Look below for the line with "Jordan Nba San" and the line with "De Boeddha door". Copy exactly those two lines and every line between, but not the pictures.

***** SUPPLIED ENTRIES *****

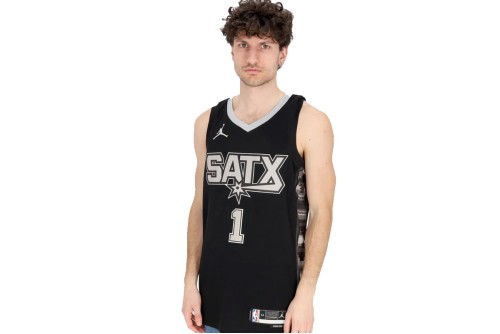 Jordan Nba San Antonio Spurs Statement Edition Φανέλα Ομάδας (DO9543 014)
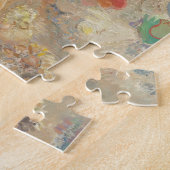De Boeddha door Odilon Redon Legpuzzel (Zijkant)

*****
***** SUPPLIED ENTRIES *****

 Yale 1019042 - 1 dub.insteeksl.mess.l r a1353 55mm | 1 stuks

*****

__EXERCISE SOLUTION__.
 Jordan Nba San Antonio Spurs Statement Edition Φανέλα Ομάδας (DO9543 014)
De Boeddha door Odilon Redon Legpuzzel (Zijkant)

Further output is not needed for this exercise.